In your cited scenario, it's up to you to ask, "do you mean it generally, at
the computer science, theoretical level, or specifically in language X, Y or
Z?"

There's nothing wrong with asking for clarification. There's no game to win.
There's just basic, professional, communication skills.

Talking and interviewing are skills. They are skills you can learn and
practice. Getting defensive when someone is trying to help you is not going to
help you.

You will be communicating in many, many different scenarios and with many,
many different people who are at different levels of technical knowledge and
interpersonal engagement, for the rest of your natural life.

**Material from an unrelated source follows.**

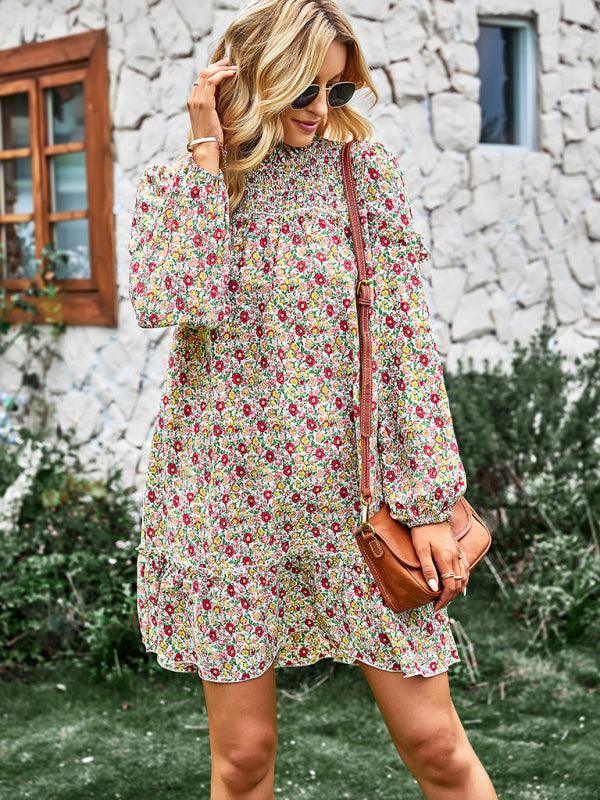 Mini Jurk met Smock-detail en Bloemenprint - Mini Dresses - Jurkjes.co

Being able to do
so well is the most important skill in your professional existence. That's the
whole thing. There isn't anything else if you don't have that.

Working on a team is very different from working alone specifically because
_there are other people involved._ The social aspects of a professional
relationship outweigh the technical ones by tonnes.

------
xauronx
I know how you feel. I think it's kind of a combinations of things. I can MAKE
things. I can do it quickly and make pretty cool products. Unfortunately, I do
a lot of it by searching online. Even if I'm writing my own code and not
copying from other sources, it's kind of in one ear and out the other. I used
a PHP function yesterday to remove HTML entities. I'm sure its something like
stripHtmlEntities or something (ah, it's "html_entity_decode"). That's exactly
my point though... I needed to use it ONCE for some side project. Should I
have that on my interview tomorrow, I would fuck it up, even though I know
exactly how and when to use it.

Anyhow, I relate it to GPS in the car. I can drive somewhere 10 times
following my GPS and not be able to get there the 11th time without it.
However, if I wing it once and figure it out myself then I always remember it.
The internet is that kind of safety net that stops me from retaining the
information.

------
orangethirty
I have this weird issue with job interviews. It really, really weird because I
get very nervous. My mind goes blank, and I can't even write FizzBuzz. Now, if
I'm interviewing for a freelance contract, then I'm a _Super Programmer_ ,
answerer[1] of all tough questions. I answer the most complex questions with
ease, and write code on the spot without problems. _Strange_.

I got the _"If you don't get this simple thing, I don't believe you'll
understand anything more complex."_ line once. Turns out, I'm now building the
platform that company will use to sell their products. Ha!

[1]Not a real word.

------
duiker101
The technical interview is not a quiz that you should pass with some tricks.
Because than you might find you will have a job you can't do. Practice your
memory if you can't remember things but usually questions in interviews are
not something you must remember but you should solve with reasoning and
obviously skills.